──────── Provided records ────────

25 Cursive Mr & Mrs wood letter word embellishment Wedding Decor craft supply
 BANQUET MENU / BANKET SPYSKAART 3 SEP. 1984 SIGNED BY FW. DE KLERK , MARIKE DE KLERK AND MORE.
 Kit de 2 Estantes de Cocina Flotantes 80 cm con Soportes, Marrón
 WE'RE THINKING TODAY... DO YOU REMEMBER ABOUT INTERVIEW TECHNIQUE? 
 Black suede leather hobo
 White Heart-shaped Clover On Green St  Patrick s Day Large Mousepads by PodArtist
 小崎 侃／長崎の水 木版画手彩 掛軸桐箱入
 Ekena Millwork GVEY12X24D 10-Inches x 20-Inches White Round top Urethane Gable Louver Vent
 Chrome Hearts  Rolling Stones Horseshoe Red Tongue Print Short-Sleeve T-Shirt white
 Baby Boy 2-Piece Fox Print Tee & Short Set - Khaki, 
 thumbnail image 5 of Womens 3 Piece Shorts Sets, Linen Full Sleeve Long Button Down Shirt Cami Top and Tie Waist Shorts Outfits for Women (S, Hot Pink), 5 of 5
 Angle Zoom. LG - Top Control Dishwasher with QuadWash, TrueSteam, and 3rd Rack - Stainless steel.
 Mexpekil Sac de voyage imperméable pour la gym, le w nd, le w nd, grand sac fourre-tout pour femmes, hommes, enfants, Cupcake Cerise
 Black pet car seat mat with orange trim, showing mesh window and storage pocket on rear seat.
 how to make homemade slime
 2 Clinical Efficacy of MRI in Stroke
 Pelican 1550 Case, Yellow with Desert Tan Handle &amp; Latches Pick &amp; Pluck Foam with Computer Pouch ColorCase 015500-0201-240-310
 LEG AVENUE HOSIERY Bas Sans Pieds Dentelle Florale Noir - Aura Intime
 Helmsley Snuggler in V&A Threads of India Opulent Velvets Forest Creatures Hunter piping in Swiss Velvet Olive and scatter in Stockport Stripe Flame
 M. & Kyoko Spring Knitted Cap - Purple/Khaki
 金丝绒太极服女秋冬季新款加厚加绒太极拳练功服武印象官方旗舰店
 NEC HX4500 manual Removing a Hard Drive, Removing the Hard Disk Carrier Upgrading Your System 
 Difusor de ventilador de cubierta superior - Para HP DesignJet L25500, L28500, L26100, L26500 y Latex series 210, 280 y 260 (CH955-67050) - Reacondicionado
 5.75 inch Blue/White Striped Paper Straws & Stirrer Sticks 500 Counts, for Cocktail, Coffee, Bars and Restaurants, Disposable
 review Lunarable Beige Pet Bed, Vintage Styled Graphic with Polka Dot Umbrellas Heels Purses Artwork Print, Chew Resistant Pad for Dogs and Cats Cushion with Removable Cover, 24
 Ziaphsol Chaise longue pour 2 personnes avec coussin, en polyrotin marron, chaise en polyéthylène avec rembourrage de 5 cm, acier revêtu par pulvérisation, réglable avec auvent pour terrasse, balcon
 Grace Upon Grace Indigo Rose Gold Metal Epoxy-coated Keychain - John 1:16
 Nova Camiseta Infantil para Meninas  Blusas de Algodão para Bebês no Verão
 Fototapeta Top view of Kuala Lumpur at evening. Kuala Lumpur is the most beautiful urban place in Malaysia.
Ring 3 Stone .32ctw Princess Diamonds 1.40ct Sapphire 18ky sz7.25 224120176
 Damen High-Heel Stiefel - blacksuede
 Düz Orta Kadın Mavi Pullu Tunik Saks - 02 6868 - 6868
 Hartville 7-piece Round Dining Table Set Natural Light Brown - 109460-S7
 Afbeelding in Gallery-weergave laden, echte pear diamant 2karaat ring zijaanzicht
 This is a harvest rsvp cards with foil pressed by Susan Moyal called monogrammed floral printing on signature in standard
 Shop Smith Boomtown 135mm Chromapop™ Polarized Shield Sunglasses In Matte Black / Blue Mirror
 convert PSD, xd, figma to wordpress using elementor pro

────────

Task description: Transcribe nothing except the lines from the one with "NEC HX4500 manual" through the end of the data above, each exactly as it appears.

Solution for this problem:
 NEC HX4500 manual Removing a Hard Drive, Removing the Hard Disk Carrier Upgrading Your System 
 Difusor de ventilador de cubierta superior - Para HP DesignJet L25500, L28500, L26100, L26500 y Latex series 210, 280 y 260 (CH955-67050) - Reacondicionado
 5.75 inch Blue/White Striped Paper Straws & Stirrer Sticks 500 Counts, for Cocktail, Coffee, Bars and Restaurants, Disposable
 review Lunarable Beige Pet Bed, Vintage Styled Graphic with Polka Dot Umbrellas Heels Purses Artwork Print, Chew Resistant Pad for Dogs and Cats Cushion with Removable Cover, 24
 Ziaphsol Chaise longue pour 2 personnes avec coussin, en polyrotin marron, chaise en polyéthylène avec rembourrage de 5 cm, acier revêtu par pulvérisation, réglable avec auvent pour terrasse, balcon
 Grace Upon Grace Indigo Rose Gold Metal Epoxy-coated Keychain - John 1:16
 Nova Camiseta Infantil para Meninas  Blusas de Algodão para Bebês no Verão
 Fototapeta Top view of Kuala Lumpur at evening. Kuala Lumpur is the most beautiful urban place in Malaysia.
Ring 3 Stone .32ctw Princess Diamonds 1.40ct Sapphire 18ky sz7.25 224120176
 Damen High-Heel Stiefel - blacksuede
 Düz Orta Kadın Mavi Pullu Tunik Saks - 02 6868 - 6868
 Hartville 7-piece Round Dining Table Set Natural Light Brown - 109460-S7
 Afbeelding in Gallery-weergave laden, echte pear diamant 2karaat ring zijaanzicht
 This is a harvest rsvp cards with foil pressed by Susan Moyal called monogrammed floral printing on signature in standard
 Shop Smith Boomtown 135mm Chromapop™ Polarized Shield Sunglasses In Matte Black / Blue Mirror
 convert PSD, xd, figma to wordpress using elementor pro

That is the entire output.